Le lendemain, nous reprenons la direction de Lormes. Au lieu d’enfiler tout droit les lacets qui se lovent autour des croupes et des mamelons, nous suivons les courbes lascives qui épousent les rives du lac de Chaumeçon. Sa surface, au dessus de laquelle flotte un voile de tulle, frissonne sous la caresse des premiers rayons du soleil.

Nous apercevons bientôt un hameau, puis quelques maisons éparses. La route, plus étroite, s’enfonce à présent dans un sous-bois pour remonter plus loin vers un maigre groupement d’habitations de pierres. Soudain, nous nous immobilisons devant une ferme aux volets clos. Sur la porte de la grange, une pancarte annonce : " A vendre ".
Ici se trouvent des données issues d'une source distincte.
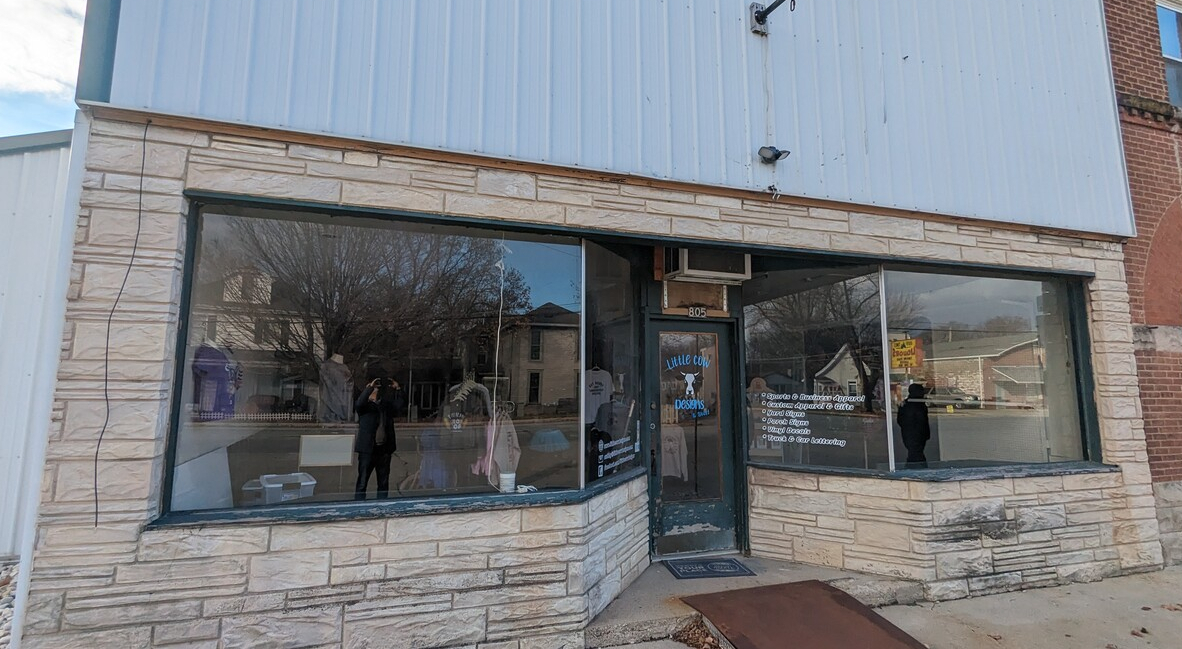 805 S Michigan Rd, Burlington, IN for Rent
Coup de foudre. Nous nous trouvons dans la cour d’une ancienne exploitation agricole où le temps paraît s’être figé. Les murs renvoient l’écho d’une activité éteinte. Il y a dans l’air une résonance paisible. Comme dans un songe, nous parvient, répété d’un versant à l’autre du vallon, un nostalgique grincement d’essieux. De loin en loin, se répercutent les battements clairs d’un marteau sur l’enclume. Soudain, un chant s’élève pour retomber comme une incantation. La voix semble tantôt flotter haut dans l’air, tantôt semblable à un sourd gémissement venu du sol.
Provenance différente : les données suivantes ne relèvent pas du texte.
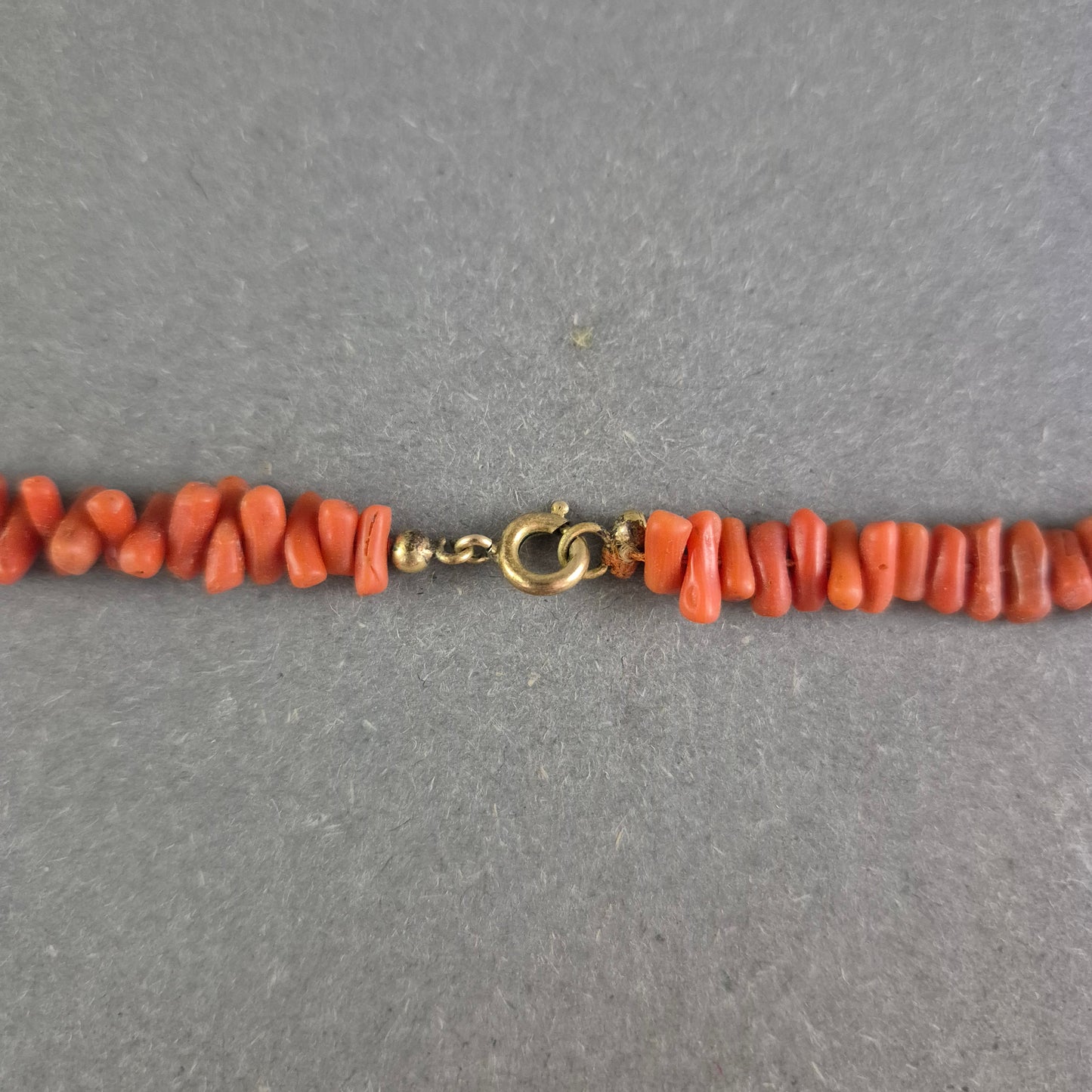 Damen Kette aus roten Korallen – Natürliche Eleganz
Alors que cesse brusquement la mélopée, un miaulement plaintif déchire le silence. Une ombre plane au dessus des bâtiments déserts. Majestueuse, une buse décrit de larges cercles concentriques au dessus de nos têtes. Notre quête s’achève là, mais nous ne le savons pas encore. La vie citadine a repris son cours. Mille préoccupations quotidiennes nous accaparent à nouveau.
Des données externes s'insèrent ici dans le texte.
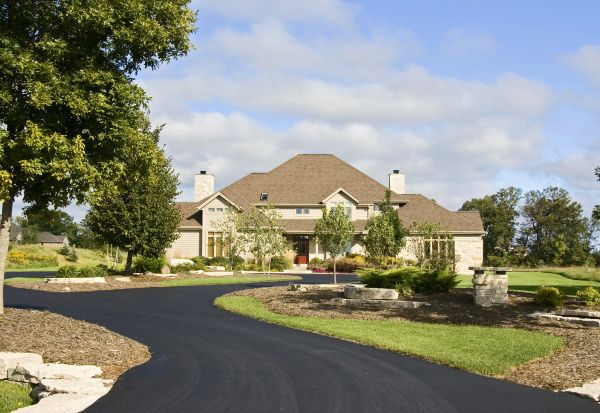 Cost of Paved Driveway Installation in Seattle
Cependant, la vie est ailleurs. Ce n’est plus une supposition, mais une certitude. Et nous nous surprenons à imaginer une autre existence.

Coup à l'estomac
Quelques mois plus tard, nous nous sommes totalement investis dans notre rêve de granit. Notre ami nous apprend alors que la ferme des " Malpeines " n’a pas été cédée à ceux qui avaient signé, fin 1990, la promesse de vente, mais à un entrepreneur auquel il vient de faire appel pour des travaux à l’école des Rollins. Si les agences immobilières nous avaient informés de cette nouvelle opportunité, nous serions-nous portés acquéreurs ? Par curiosité, nous rendons visite à ce qui fut notre premier coup de cœur et recevons un autre coup mais, cette fois, à l’estomac. La description du spectacle qui s'offre alors à nous n'est pas très éloignée de celle que donne Didier Cornaille dans " La croix de Fourche ".